The graph shows predicting houses prices based upon the Garage Living Area which is the total area in the garage in square feet. This feature also had second best correlation to house prices. The graph shows that the bigger the area in the garage, more than likely the price of the house is greater as well. The correlation between houses prices and garage living area looked very strong.
Adding another feature helped our model increase its acccuracy and it shows, the Coefficent of Determination went from 0.59 to 0.62. Not the biggest jump but still helps our model be more accurate in predicting house prices.
Experiment 3: Evaluation


The graph shows predicting house prices with the feature Garage Cars, which is the amount of cars a house can fit in the garage. The Garage Cars feature had the 3rd highest correlation to Sale Price which is why it was chosen in the third experiment. The graph shows using the feature is very accurate because the correlation is very high.
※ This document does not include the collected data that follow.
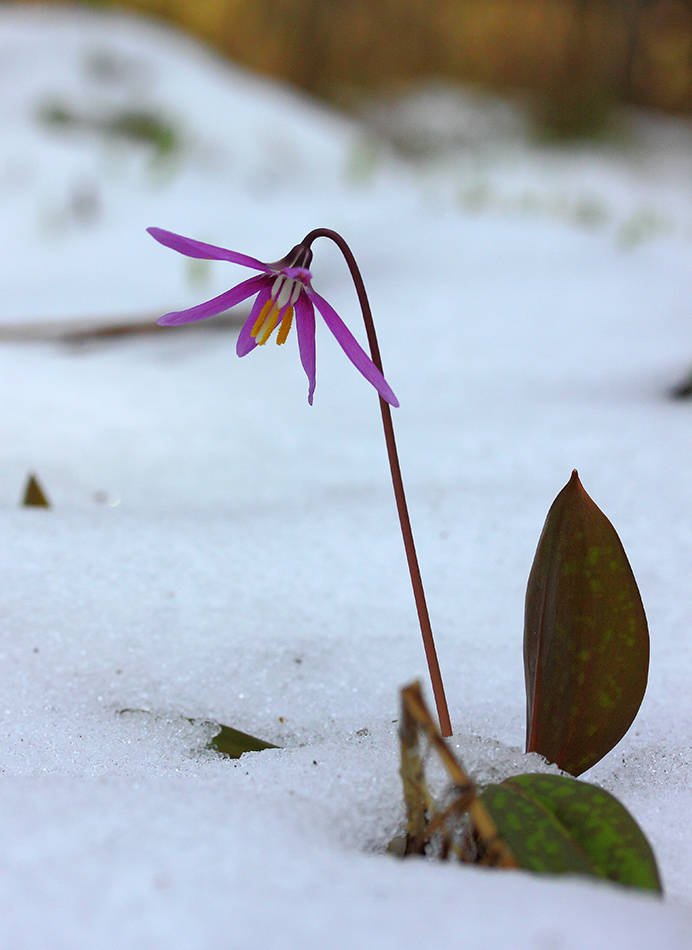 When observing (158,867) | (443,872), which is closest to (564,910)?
(443,872)

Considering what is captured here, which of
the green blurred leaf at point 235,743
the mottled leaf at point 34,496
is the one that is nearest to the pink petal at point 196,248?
the green blurred leaf at point 235,743

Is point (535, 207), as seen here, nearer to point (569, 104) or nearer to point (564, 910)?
point (569, 104)

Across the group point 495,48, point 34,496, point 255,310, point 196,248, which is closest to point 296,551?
point 34,496

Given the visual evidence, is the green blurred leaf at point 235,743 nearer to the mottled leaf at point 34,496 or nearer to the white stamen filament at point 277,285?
the white stamen filament at point 277,285

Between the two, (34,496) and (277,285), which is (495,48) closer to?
(34,496)

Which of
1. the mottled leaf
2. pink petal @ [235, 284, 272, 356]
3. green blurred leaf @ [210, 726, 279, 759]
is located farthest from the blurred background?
green blurred leaf @ [210, 726, 279, 759]

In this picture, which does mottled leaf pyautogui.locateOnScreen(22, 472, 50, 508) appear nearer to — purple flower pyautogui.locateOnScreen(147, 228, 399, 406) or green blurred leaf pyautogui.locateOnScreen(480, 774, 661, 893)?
purple flower pyautogui.locateOnScreen(147, 228, 399, 406) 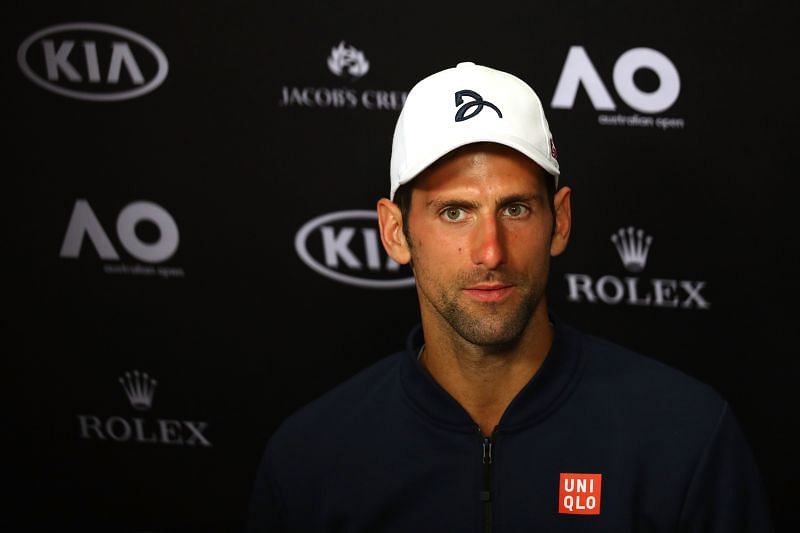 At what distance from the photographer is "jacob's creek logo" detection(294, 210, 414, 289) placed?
2.34 m

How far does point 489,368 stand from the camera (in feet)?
5.25

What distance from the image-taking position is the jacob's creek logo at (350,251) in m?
2.34

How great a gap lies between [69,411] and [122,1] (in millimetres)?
1070

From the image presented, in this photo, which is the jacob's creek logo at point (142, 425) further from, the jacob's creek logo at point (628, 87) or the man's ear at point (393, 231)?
the jacob's creek logo at point (628, 87)

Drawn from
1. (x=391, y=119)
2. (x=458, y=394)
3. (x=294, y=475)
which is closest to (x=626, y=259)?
(x=391, y=119)

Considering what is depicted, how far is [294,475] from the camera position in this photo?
168cm

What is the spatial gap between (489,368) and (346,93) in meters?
0.92

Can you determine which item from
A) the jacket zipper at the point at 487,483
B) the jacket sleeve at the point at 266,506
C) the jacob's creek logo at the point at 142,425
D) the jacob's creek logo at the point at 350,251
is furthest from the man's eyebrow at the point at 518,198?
the jacob's creek logo at the point at 142,425

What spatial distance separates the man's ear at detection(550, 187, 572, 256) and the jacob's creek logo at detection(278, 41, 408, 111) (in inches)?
29.7

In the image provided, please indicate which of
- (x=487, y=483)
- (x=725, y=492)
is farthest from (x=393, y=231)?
(x=725, y=492)

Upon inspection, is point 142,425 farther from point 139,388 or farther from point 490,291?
point 490,291

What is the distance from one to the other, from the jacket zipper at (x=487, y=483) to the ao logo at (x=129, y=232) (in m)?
1.16

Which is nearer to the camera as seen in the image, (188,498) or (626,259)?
(626,259)

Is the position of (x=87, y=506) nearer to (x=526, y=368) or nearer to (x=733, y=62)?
(x=526, y=368) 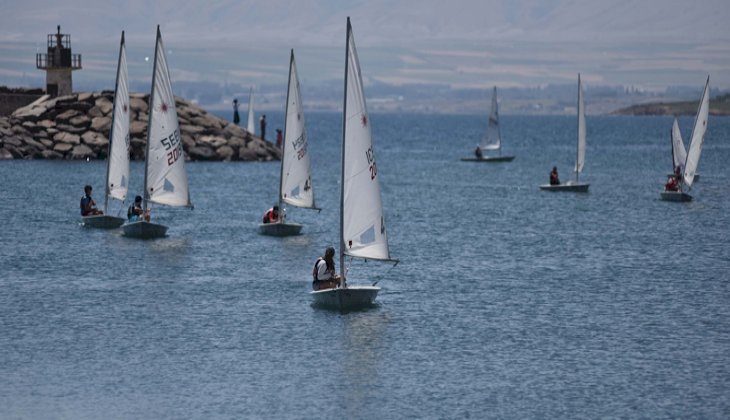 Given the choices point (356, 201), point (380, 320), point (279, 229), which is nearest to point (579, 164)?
point (279, 229)

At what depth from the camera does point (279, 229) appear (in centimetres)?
7006

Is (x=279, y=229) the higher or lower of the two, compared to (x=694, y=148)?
lower

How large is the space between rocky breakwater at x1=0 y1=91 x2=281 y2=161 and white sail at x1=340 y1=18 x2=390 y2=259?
248 feet

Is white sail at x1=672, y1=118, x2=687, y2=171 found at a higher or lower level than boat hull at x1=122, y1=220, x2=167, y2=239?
higher

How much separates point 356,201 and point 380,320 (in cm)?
396

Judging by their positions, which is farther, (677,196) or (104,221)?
(677,196)

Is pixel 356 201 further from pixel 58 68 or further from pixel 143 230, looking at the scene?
pixel 58 68

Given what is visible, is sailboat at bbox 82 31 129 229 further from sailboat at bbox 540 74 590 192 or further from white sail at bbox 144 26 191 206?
sailboat at bbox 540 74 590 192

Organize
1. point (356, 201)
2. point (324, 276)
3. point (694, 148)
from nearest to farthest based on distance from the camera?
point (356, 201) < point (324, 276) < point (694, 148)

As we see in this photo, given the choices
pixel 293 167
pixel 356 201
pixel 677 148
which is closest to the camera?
pixel 356 201

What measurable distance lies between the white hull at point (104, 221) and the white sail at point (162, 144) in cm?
502

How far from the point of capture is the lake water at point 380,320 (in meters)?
37.1

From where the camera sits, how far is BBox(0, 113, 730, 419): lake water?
37.1 meters

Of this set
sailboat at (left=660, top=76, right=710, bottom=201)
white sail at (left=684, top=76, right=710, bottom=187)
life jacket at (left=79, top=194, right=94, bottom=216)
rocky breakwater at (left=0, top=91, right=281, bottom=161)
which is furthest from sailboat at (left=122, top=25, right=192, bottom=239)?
rocky breakwater at (left=0, top=91, right=281, bottom=161) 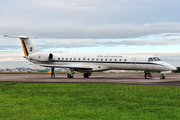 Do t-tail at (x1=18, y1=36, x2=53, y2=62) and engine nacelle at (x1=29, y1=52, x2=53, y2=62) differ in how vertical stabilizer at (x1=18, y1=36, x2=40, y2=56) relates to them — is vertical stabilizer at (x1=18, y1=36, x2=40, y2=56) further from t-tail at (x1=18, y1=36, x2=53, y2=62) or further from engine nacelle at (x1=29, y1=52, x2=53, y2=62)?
engine nacelle at (x1=29, y1=52, x2=53, y2=62)

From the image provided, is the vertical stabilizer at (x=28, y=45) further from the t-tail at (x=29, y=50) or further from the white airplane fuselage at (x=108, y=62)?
the white airplane fuselage at (x=108, y=62)

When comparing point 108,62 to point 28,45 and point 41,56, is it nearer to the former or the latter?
point 41,56

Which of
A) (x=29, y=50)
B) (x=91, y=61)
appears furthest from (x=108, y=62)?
(x=29, y=50)

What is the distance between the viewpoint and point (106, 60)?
3981cm

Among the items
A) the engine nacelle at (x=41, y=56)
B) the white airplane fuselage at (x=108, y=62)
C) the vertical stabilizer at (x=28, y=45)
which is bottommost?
the white airplane fuselage at (x=108, y=62)

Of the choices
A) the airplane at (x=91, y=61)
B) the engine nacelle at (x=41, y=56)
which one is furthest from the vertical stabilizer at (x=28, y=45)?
the engine nacelle at (x=41, y=56)

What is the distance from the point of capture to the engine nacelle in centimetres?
4416

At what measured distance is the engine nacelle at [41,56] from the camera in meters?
44.2

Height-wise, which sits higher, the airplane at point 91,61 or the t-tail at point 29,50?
the t-tail at point 29,50

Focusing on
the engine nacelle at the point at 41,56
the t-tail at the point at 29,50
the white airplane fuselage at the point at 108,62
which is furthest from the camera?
the t-tail at the point at 29,50

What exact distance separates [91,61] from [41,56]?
8811 mm

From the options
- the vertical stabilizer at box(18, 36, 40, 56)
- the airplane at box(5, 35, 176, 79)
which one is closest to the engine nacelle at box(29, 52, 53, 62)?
the airplane at box(5, 35, 176, 79)

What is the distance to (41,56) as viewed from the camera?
44.8 m

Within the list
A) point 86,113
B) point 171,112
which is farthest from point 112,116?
point 171,112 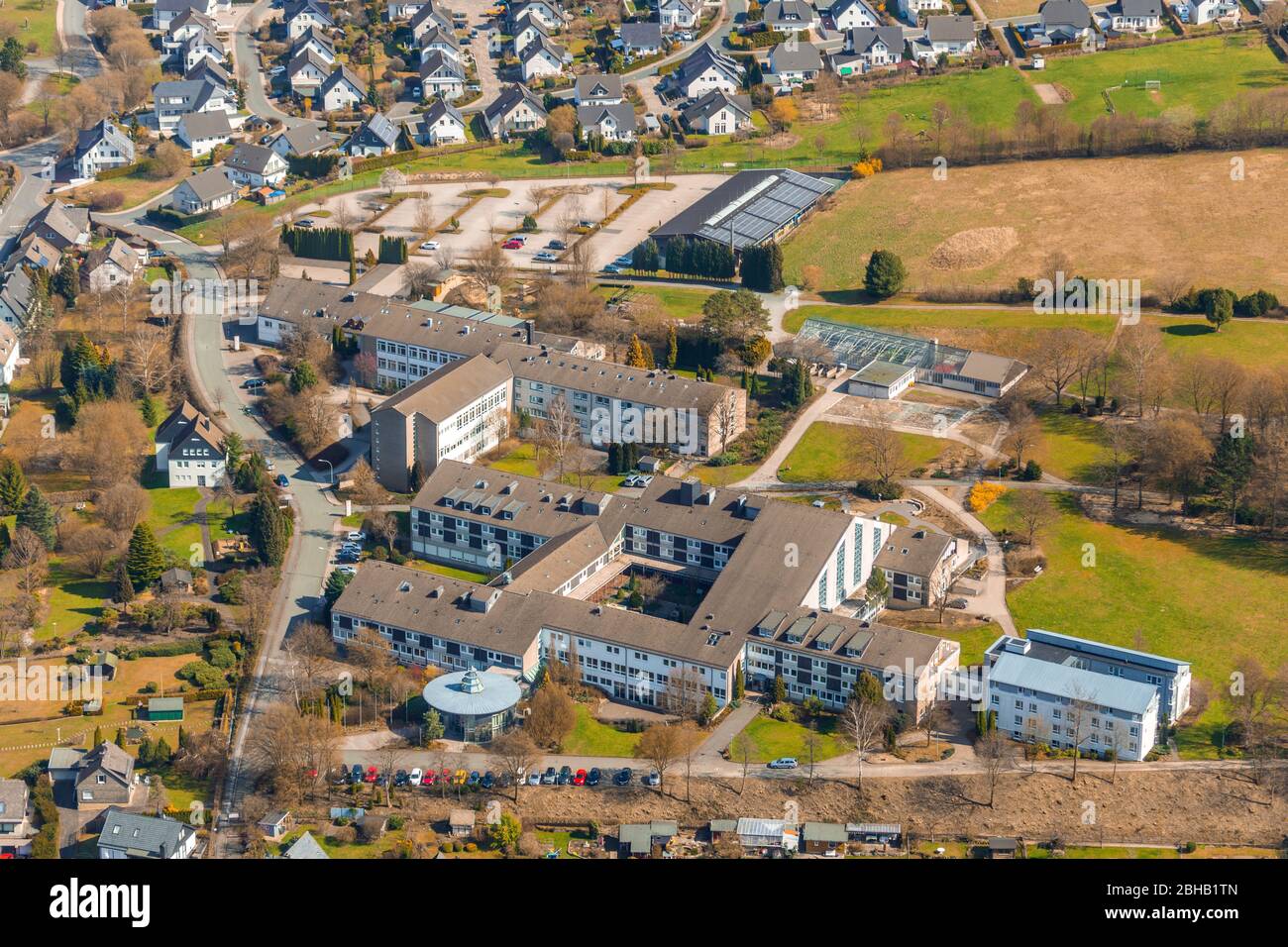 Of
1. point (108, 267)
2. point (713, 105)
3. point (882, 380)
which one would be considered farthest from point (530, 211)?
point (882, 380)

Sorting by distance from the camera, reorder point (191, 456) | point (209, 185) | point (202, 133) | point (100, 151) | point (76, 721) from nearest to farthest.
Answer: point (76, 721) → point (191, 456) → point (209, 185) → point (100, 151) → point (202, 133)

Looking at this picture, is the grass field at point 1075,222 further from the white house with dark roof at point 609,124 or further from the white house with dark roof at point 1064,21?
the white house with dark roof at point 1064,21

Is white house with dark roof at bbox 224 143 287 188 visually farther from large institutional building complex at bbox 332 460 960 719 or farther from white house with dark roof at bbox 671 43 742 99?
large institutional building complex at bbox 332 460 960 719

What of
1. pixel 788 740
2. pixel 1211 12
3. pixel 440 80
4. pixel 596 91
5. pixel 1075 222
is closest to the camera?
pixel 788 740

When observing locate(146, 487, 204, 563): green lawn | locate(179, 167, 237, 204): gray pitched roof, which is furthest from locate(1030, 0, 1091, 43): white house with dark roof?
locate(146, 487, 204, 563): green lawn

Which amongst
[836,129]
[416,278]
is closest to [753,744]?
[416,278]

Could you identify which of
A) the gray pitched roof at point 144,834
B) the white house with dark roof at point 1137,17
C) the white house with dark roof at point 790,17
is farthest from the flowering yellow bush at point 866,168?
the gray pitched roof at point 144,834

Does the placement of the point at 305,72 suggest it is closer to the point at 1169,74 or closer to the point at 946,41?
the point at 946,41

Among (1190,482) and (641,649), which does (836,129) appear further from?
(641,649) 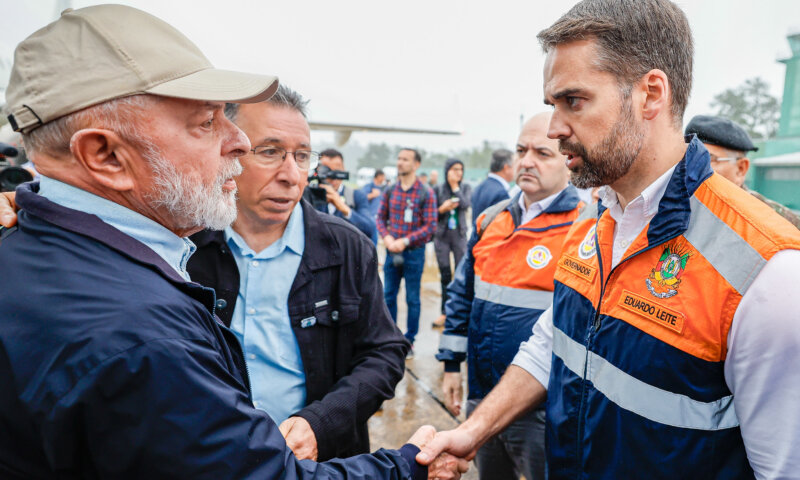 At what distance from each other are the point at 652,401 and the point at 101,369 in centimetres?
130

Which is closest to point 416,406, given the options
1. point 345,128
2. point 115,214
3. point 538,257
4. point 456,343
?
Result: point 456,343

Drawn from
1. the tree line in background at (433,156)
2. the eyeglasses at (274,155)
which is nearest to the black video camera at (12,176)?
the eyeglasses at (274,155)

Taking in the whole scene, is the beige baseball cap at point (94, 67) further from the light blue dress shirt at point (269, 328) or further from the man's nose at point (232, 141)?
the light blue dress shirt at point (269, 328)

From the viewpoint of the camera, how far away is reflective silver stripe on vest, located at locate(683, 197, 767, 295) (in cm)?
105

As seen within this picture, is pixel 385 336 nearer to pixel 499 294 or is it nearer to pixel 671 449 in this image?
pixel 499 294

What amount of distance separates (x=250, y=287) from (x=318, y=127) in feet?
46.1

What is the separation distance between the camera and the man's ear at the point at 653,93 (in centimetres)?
132

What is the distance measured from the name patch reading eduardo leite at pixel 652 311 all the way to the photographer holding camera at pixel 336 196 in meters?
1.37

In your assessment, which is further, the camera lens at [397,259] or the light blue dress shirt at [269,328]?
the camera lens at [397,259]

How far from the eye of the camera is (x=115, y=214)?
1.01 metres

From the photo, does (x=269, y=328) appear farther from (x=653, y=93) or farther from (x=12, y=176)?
(x=653, y=93)

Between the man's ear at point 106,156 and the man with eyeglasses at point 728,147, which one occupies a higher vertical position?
the man's ear at point 106,156

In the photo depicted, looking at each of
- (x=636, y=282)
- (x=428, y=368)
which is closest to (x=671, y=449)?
(x=636, y=282)

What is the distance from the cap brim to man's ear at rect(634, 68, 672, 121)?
1.08 m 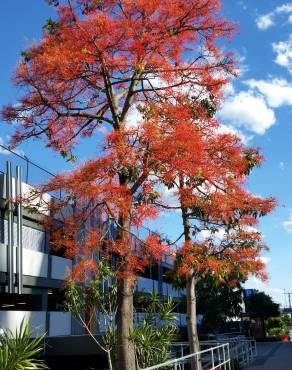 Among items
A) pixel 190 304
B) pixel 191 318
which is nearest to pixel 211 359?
pixel 191 318

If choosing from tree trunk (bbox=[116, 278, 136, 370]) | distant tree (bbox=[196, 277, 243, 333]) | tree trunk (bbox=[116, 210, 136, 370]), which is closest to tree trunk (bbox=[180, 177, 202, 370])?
tree trunk (bbox=[116, 210, 136, 370])

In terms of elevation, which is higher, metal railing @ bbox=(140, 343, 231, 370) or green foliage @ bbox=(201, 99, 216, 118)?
green foliage @ bbox=(201, 99, 216, 118)

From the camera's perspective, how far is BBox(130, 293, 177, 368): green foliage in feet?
39.2

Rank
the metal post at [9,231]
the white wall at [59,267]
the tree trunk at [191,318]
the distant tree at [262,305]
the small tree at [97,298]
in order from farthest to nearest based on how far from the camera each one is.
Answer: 1. the distant tree at [262,305]
2. the white wall at [59,267]
3. the metal post at [9,231]
4. the tree trunk at [191,318]
5. the small tree at [97,298]

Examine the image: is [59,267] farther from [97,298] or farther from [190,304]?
[190,304]

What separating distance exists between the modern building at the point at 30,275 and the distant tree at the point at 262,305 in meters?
33.1

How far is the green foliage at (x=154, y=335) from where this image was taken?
12.0 metres

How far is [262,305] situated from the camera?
52.0 meters

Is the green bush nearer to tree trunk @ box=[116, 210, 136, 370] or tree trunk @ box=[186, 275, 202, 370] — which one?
tree trunk @ box=[186, 275, 202, 370]

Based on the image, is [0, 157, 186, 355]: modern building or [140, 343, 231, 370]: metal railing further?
[0, 157, 186, 355]: modern building

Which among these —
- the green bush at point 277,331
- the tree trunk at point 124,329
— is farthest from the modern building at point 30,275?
the green bush at point 277,331

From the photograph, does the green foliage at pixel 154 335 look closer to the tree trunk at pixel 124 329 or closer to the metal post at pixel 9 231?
the tree trunk at pixel 124 329

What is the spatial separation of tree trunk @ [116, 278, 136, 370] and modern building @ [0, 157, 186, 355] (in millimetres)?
4255

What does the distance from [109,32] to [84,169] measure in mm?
2895
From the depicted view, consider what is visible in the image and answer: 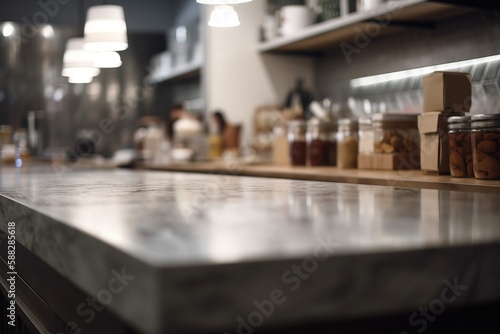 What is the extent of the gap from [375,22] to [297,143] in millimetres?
724

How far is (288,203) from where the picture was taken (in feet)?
2.80

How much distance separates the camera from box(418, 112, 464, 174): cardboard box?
167cm

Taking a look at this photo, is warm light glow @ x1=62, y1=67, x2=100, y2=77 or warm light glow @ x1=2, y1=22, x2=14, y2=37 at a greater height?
warm light glow @ x1=2, y1=22, x2=14, y2=37

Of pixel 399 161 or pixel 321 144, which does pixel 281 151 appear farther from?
pixel 399 161

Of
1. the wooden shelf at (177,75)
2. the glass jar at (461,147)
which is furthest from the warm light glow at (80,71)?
the glass jar at (461,147)

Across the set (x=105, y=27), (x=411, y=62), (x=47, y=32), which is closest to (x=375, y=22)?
(x=411, y=62)

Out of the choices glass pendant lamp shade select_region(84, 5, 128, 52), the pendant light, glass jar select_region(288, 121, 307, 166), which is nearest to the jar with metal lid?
glass jar select_region(288, 121, 307, 166)

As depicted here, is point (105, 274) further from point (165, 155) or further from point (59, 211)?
point (165, 155)

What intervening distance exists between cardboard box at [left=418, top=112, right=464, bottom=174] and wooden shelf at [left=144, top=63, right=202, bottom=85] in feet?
9.47

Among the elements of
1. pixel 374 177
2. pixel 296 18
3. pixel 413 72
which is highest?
pixel 296 18

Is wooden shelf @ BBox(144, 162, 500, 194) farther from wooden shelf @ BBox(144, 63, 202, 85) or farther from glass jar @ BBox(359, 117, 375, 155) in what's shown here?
wooden shelf @ BBox(144, 63, 202, 85)

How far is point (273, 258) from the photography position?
1.48 ft

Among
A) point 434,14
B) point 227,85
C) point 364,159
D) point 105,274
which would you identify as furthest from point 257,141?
point 105,274

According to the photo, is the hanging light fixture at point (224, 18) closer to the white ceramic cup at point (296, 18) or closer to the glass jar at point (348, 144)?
the glass jar at point (348, 144) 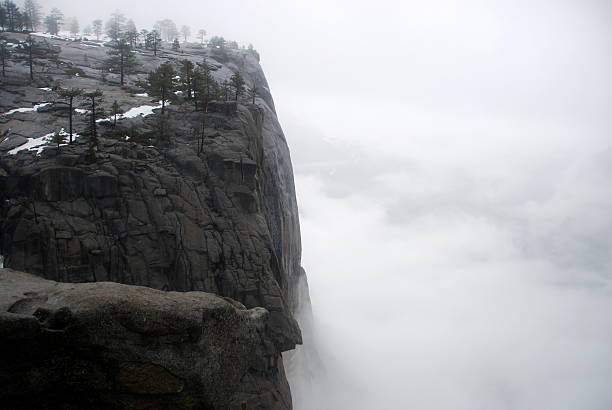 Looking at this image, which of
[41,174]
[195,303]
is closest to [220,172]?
[41,174]

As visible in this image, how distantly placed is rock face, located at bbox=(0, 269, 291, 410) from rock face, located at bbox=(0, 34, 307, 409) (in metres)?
7.97

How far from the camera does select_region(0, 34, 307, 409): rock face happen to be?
86.6 feet

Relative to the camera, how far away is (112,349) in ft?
39.0

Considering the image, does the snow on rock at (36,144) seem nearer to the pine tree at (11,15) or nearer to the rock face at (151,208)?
the rock face at (151,208)

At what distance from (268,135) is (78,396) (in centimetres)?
4049

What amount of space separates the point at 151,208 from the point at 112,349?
19.5 meters

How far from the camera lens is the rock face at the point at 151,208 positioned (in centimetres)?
2639

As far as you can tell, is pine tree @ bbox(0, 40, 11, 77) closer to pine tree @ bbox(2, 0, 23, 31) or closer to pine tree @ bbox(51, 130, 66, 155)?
pine tree @ bbox(51, 130, 66, 155)

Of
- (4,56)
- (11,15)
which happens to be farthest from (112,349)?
(11,15)

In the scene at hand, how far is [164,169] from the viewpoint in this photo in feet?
105

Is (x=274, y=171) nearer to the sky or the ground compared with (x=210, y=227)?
nearer to the sky

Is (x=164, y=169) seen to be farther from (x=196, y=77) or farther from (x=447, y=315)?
(x=447, y=315)

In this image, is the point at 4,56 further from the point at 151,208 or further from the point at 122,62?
the point at 151,208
Looking at tests for the final experiment the accuracy for our predictor model went up. Looking at the Coefficent of Determination it went from 0.62 to 0.77 with now all three features being used to predict house prices.
Impact
The data shows that Quality was the most important feature for resident in Ames, Iowa when looking for a house. After that the features that followed suprised me, they were mostly to do with the garage. This suprised me because most people I know talk about how big they want their kitchen or bedroom, but the residents of Ames beg to differ. Now of course in Iowa the winters there are very harsh and keeping vehicles and other items inside is important. This also shows that feature importance probably changes depending on environment and other key factors, meaning I would not be able to use this predictor model for house prices in Miami.
Conclusion
This project helped me understand why linear regression was very useful in being used to predict and find associations between two variables. I also learned that the more features I used the better predicitions I could get with the model. In terms of this model I believe if added the next highest correlated features (according to the heatmap) to the model, the coefficient of determination would have been over 0.90, making the model even more accurate.